▶ [YOUR TASK]: Exactly the lines below from the line with "Malibu Vintage Travel Poster" through the line with "Damskie Boto Damskie" must make up the answer, both ends included and pictures left out.

[Captioned web images]
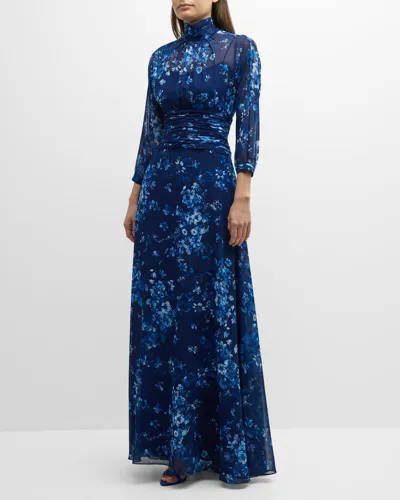 Rickie Freeman For Teri Jon Floral-print Turtleneck Chiffon Gown In Navy Multi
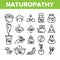Naturopathy Therapy Vector Thin Line Icons Set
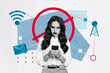 © deagreez - Creative collage young gorgeous woman hold smartphone no signal wifi internet connection correspondence antenna signal drawing background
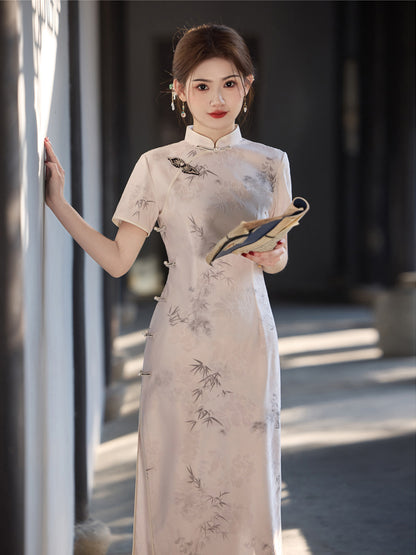 Ink Painting Long Cheongsam – Eight Side Buttons Elegant Dress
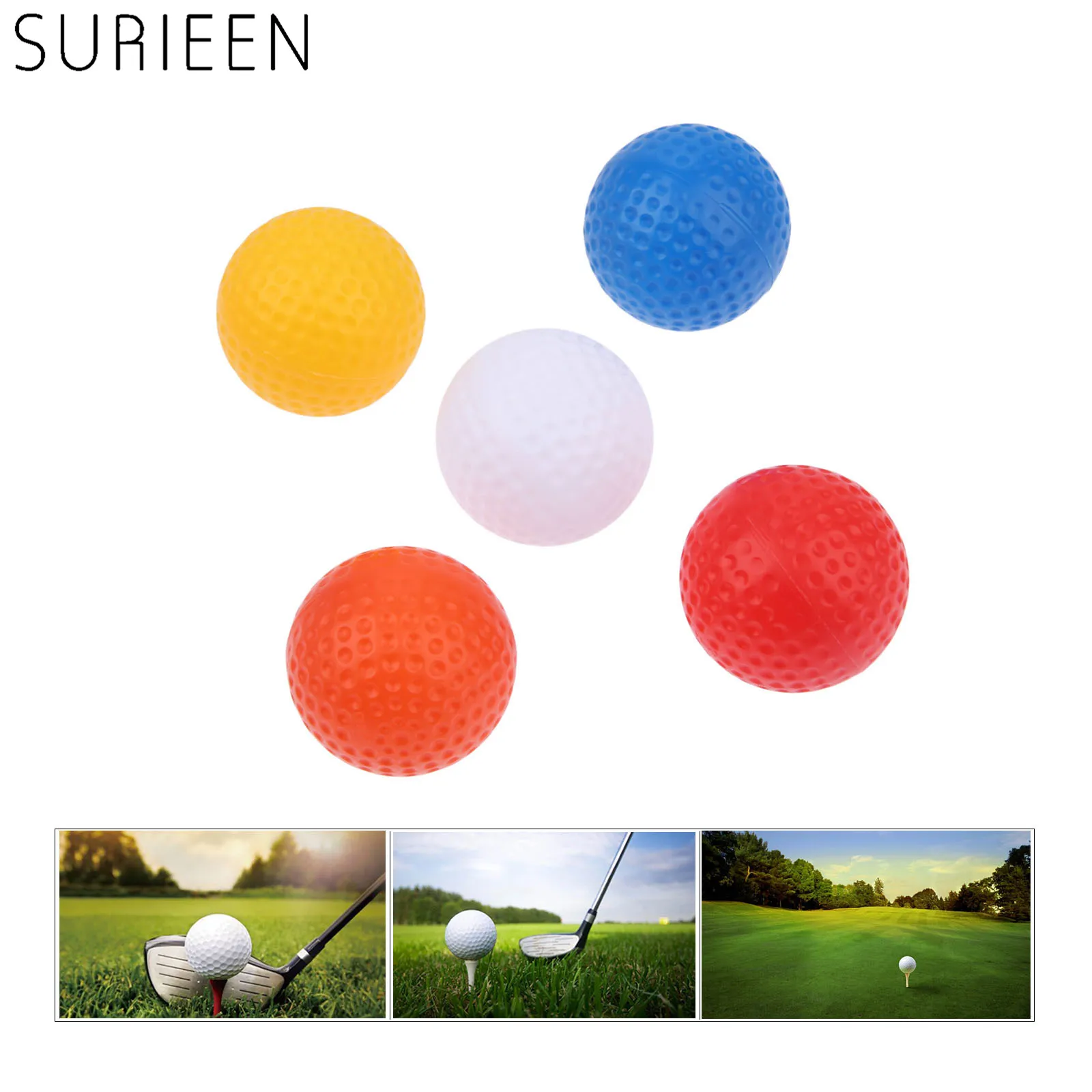 10pcs 41mm Professional Plastic Golf Balls Indoor & Outdoor Golf Practice Balls 5 Colors Training Golf Hollow Balls Without Hole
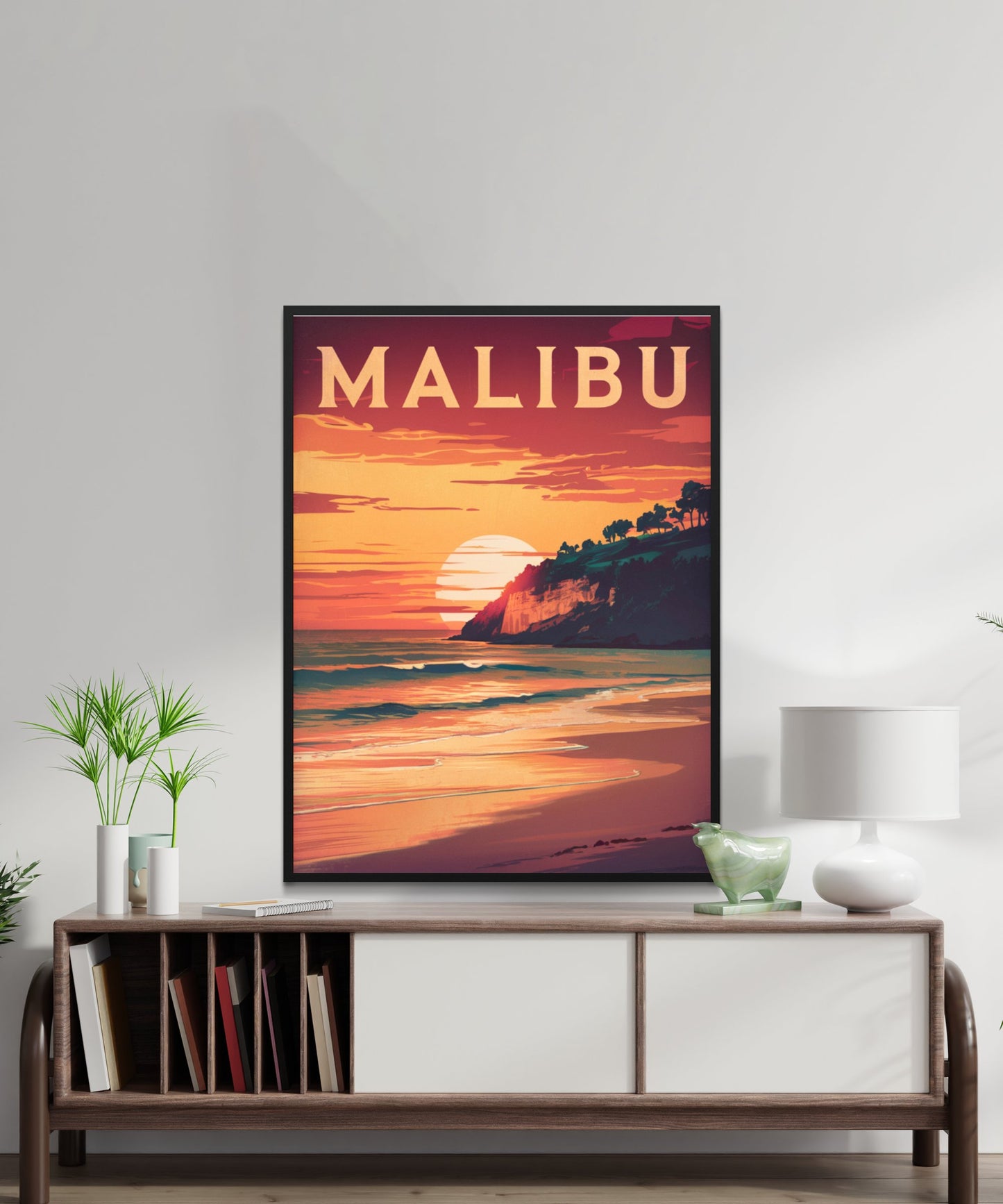 Malibu Vintage Travel Poster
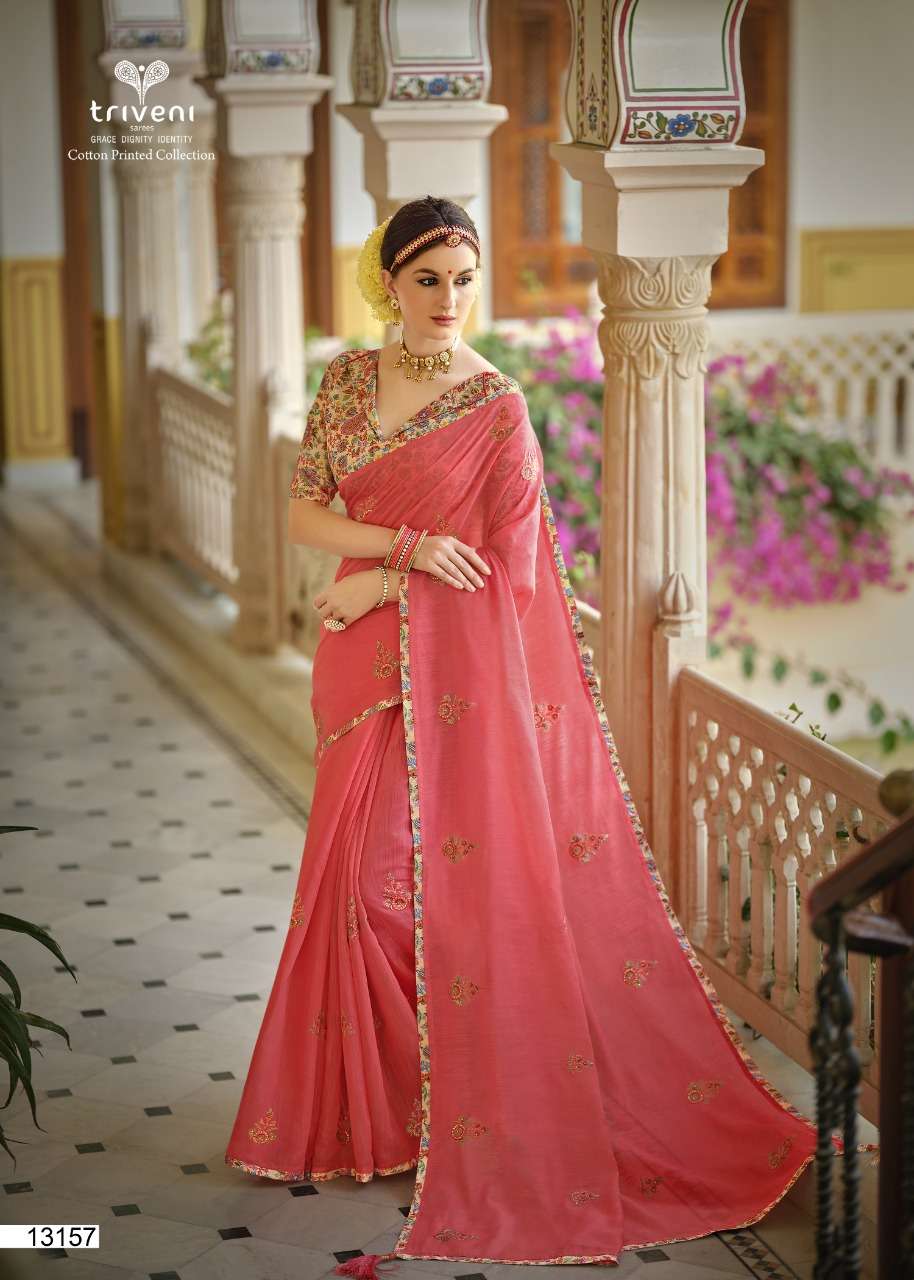 VIHANA BY TRIVENI 13151 TO 13158 SERIES INDIAN TRADITIONAL WEAR COLLECTION BEAUTIFUL STYLISH FANCY COLORFUL PARTY WEAR & OCCASIONAL WEAR LINEN COTTON SAREES AT WHOLESALE PRICE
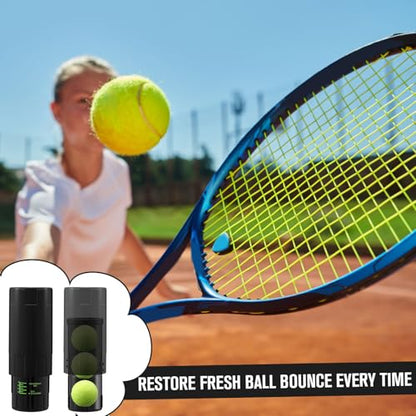 Soulchen Tennis Ball Pressurizer - Tennis Ball Storage Canister Holds 3 Balls Under 14 Psi Pressure, Reusable Stuff for Bounce Retention, Lightweight & Durable - color: Black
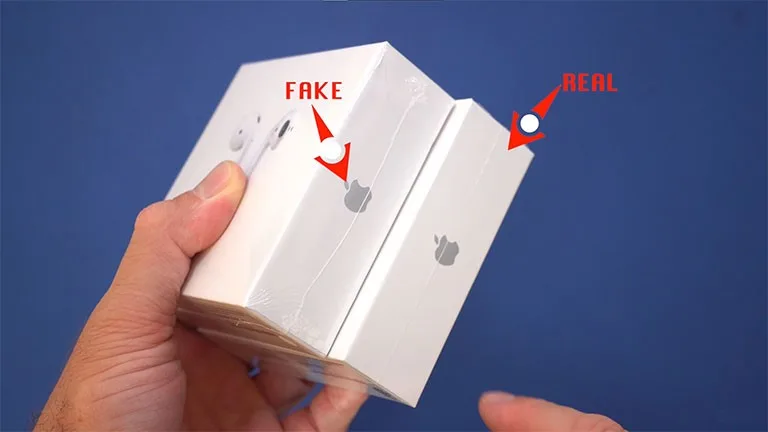 The Difference Between Apple Logo on Fake and Real AirPods Box The Difference Between Apple Logo on Fake and Real AirPods Box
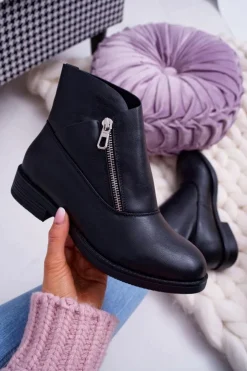 Damskie Boto Damskie Botki Z Zamkiem Czarne Juno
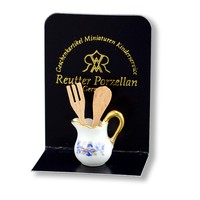 Reutter Porzellan Wood Casters / Wood Kitchen Tools In Pitcher Dollhouse 1:12 Reutter Porzellan Wood Casters / Wood Kitchen Tools In Pitcher Dollhouse 1:12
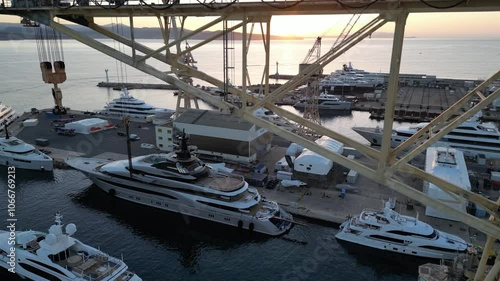 Areal view on the old ship crane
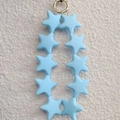 Cute blue star silicone bead pendant with golden ring for bags or keys - Lake Blue (10 Stars)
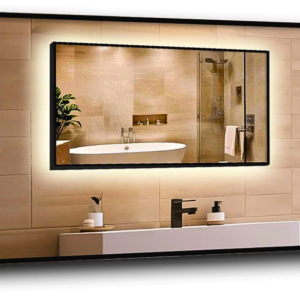 Lustro led 60x40cm w czarnej ramie aluminiowej mat loftowe wodoodporne ledy 741117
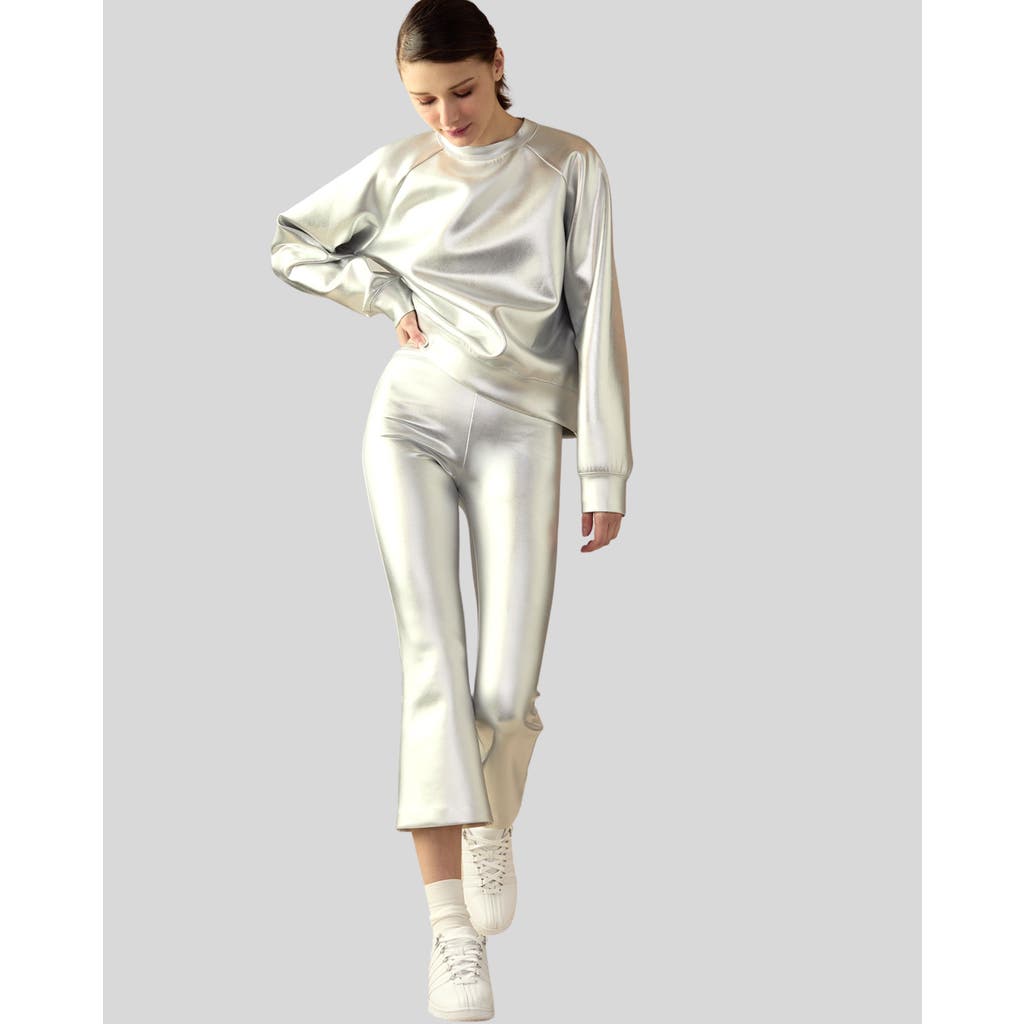 Cynthia Rowley Bonded Active Pant In Silver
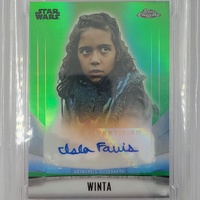 2022 Topps Chrome Mandalorian Isla Farris Winta Auto Green Refractor /99 ICG 9.5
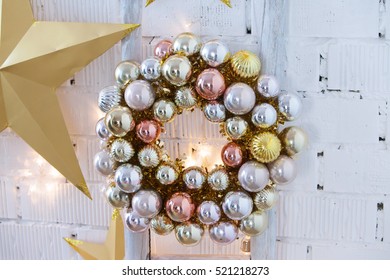 Christmas wreath and garlands on a wall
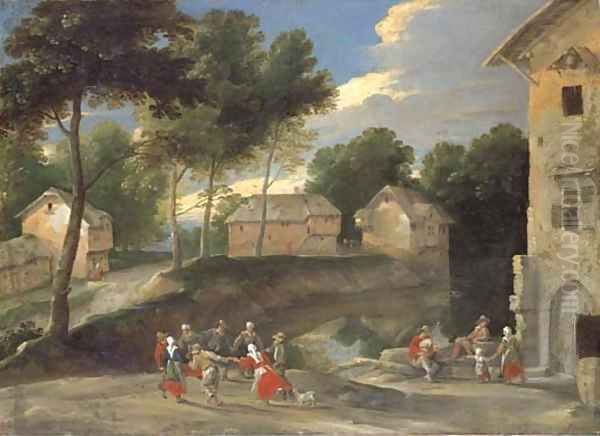 A village landscape with villagers dancing to the bagpipes Oil Painting by Jacques Fouquieres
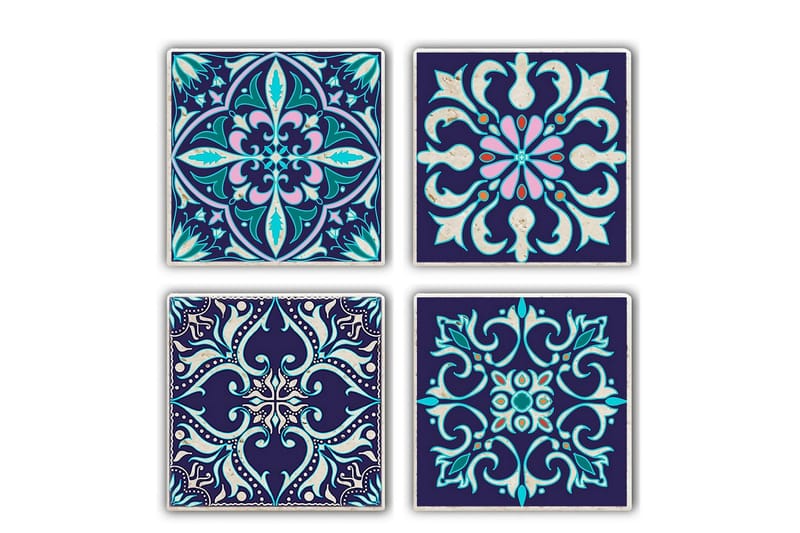 Glasunderlägg 4-pack, Mörkblå/Flerfärgad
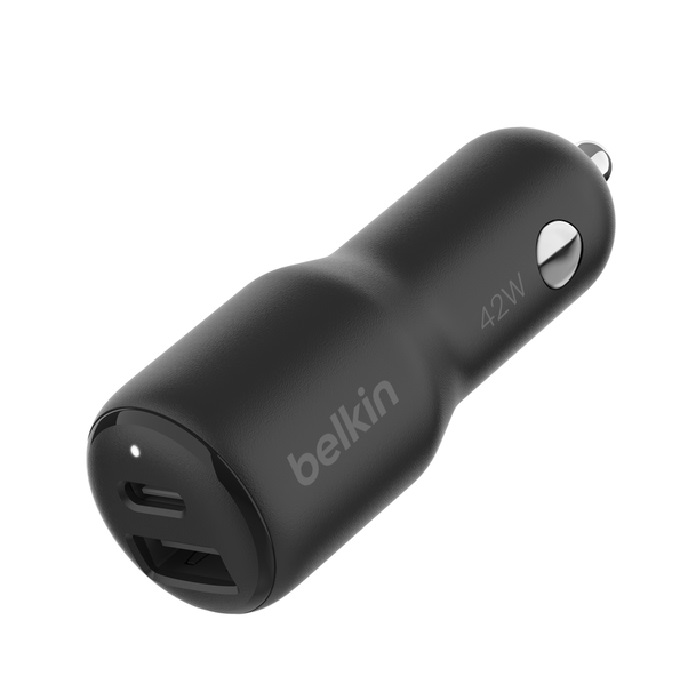 MPA-CCB005BTBK.jpg Belkin CCB005BTBK BoostCharge Dual 42W Car Charger - Black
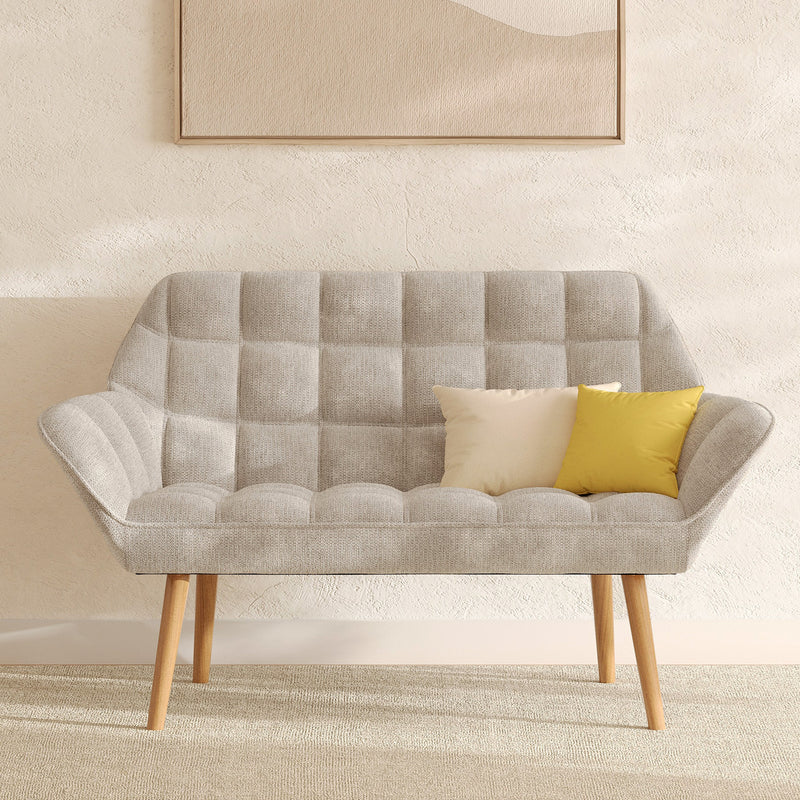 Canapé Simba 2 places en tissu gris clair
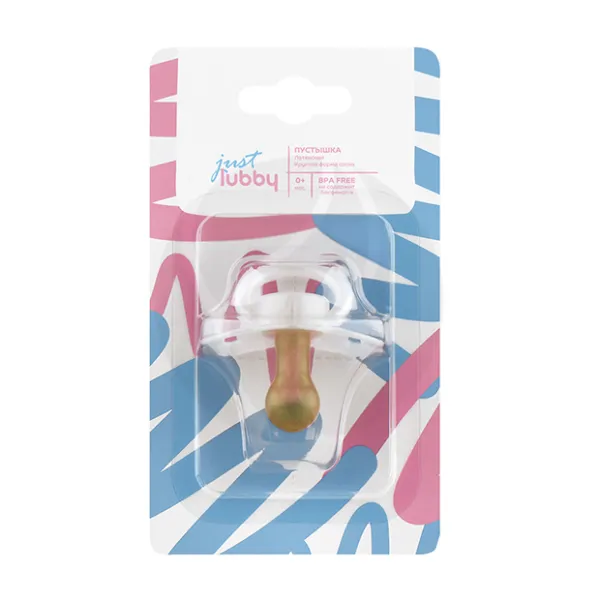 Изображение товара Латексная пустышка Lubby с круглым соском 0+ гипоаллергенная безопасная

▶ [ANSWER SECTION]:
 Malibu Vintage Travel Poster
 VIHANA BY TRIVENI 13151 TO 13158 SERIES INDIAN TRADITIONAL WEAR COLLECTION BEAUTIFUL STYLISH FANCY COLORFUL PARTY WEAR & OCCASIONAL WEAR LINEN COTTON SAREES AT WHOLESALE PRICE
 Soulchen Tennis Ball Pressurizer - Tennis Ball Storage Canister Holds 3 Balls Under 14 Psi Pressure, Reusable Stuff for Bounce Retention, Lightweight & Durable - color: Black
 The Difference Between Apple Logo on Fake and Real AirPods Box The Difference Between Apple Logo on Fake and Real AirPods Box
 Damskie Boto Damskie Botki Z Zamkiem Czarne Juno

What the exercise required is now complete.